Cuma akşamı, yayınlanMAMIŞ bir haberle ilgili olarak gelen mahkeme kararını haberleştirmiş ve bunun yapılmasının doğru olmadığını yazmıştık[1]. Konuyu Avukat Mehmet Ali Köksal’a sorduk. Yani hangi koşullarda “erişim engelleme” yapılabilir ya da yapılmalıdır? Bunu yukarıdaki videodan dinleyebilir ya da aşağıda dökümü okuyabilirsiniz.
Turk-internet.com: Cuma günü bizim konularımızla ilgisi olmayan ve yayınlamamış olduğumuz bir haber için engelleme geldi. Teknoloji konulu olmayan bir konuda, miras kavgası türü bir konuda, yayınladığınız, yayınlayacağınız haberler için yasak diye uyarı geldi. Bunu konuşacağız ama isterseniz önce son durumu analiz edelim. Türkiye’de bugün site engelleme/haber engelleme nasıl yapılıyor?
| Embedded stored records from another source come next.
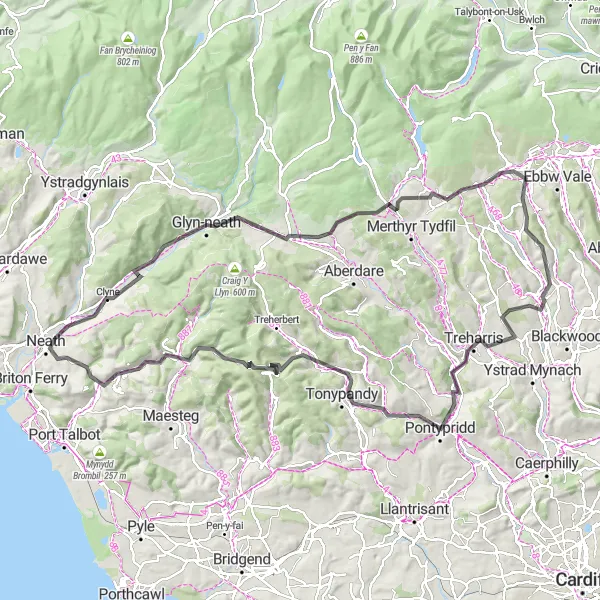 Map miniature of "Valley Views Road Loop" cycling inspiration in West Wales and The Valleys, United Kingdom. Generated by Tarmacs.app cycling route planner
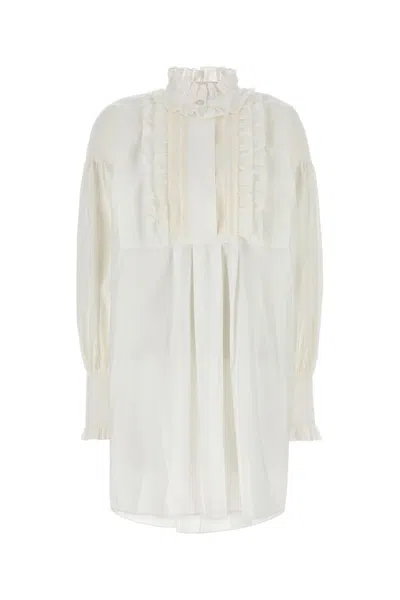 VALENTINO ABITO IN MISTO COTONE BIANCO  DONNA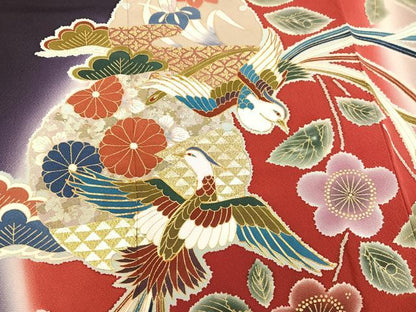 平和屋着物●豪華振袖　駒刺繍　鳳凰草花文　暈し染め　金彩　ロング丈　正絹　逸品　AAAZ1993ph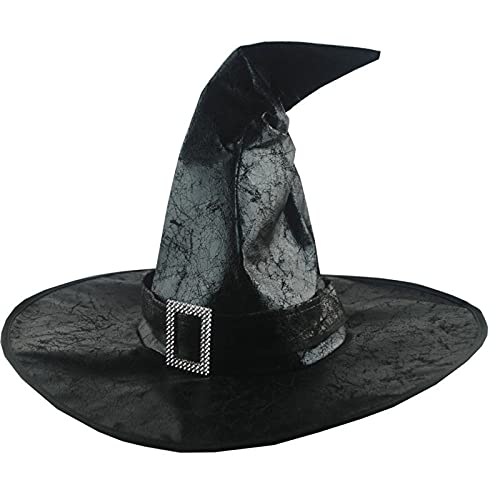 Halloween-Hexenhut für Damen, mit Falten, gerüscht, schief, böser Hexenhut, Teufelspinne, Zaubererhut für Kostüm, Cosplay, Party (A-Schwarz, 43 x 33 cm) von Acrawnni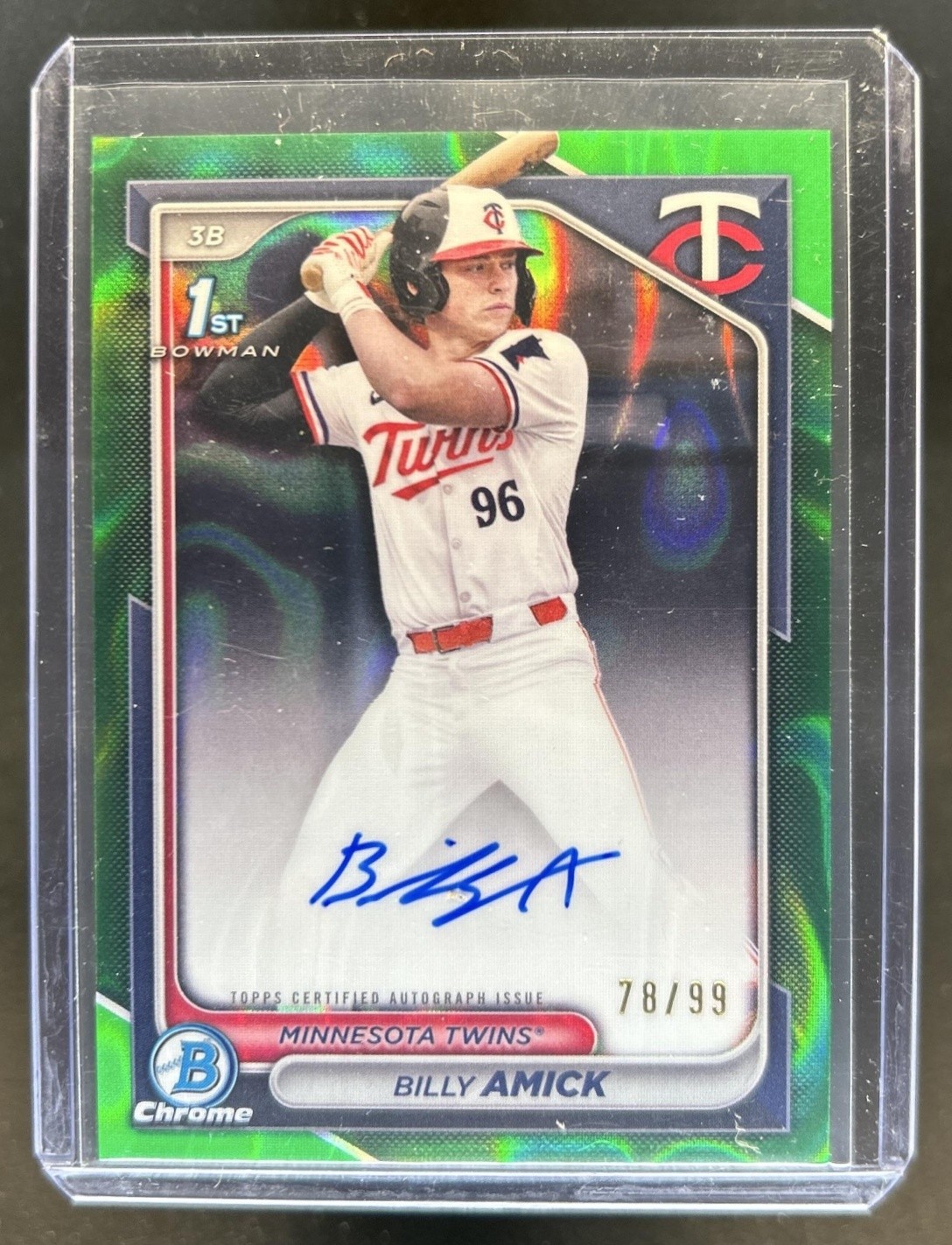 2024 Bowman Draft Billy Amick Chrome Auto Green Lava Refractor 1st #/99 Twins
Mehmet Ali Köksal: Türkiye’de bugün site/haber engelleme temel olarak internet erişim sağlayıcı birliği üzerinden, BTK üzerinden yapılıyor. Çünkü bu konuyla ilgili alınan kararlar oraya gönderiliyor. Ama bunun dışında aslında şöyle bir durum var, bu konu 5651 yüzünden karıştı tabii. İhtiyati tedbir kararı bunun adı.
Yani, 5651 ilgili olanları bir kenara çekersek, bunun adı ihtiyati tedbir kararı. İhtiyati tedbir kararı nasıl uygulanır sorusuna gelecek olursak, ihtiyati tedbir kararları,
- aleyhine tedbir kararı verilen
- tedbir kararından etkilenen
olmak üzere 2 grup kişi var.
Burada, tedbir kararından etkilenenlerden bir diğer grup ise erişim sağlayıcıları. Neden erişim sağlayıcıları? Bu kararın infazı için, erişim sağlayıcılarının –Turktelekom, Superonline, DSmart gibi- bir işlem yapması ve o internet sitesine giden yolu tıkaması gerekiyor. Bunu BTK’ya giden bir mahkeme kararı, BTK “ben yetkili değilim” deyip, o da yazabilir, ESB’ye giden bir mahkeme kararı, ESB “ben yetkiliyim” deyip yapabilir veya “yetkili değilim” deyip gönderebilir.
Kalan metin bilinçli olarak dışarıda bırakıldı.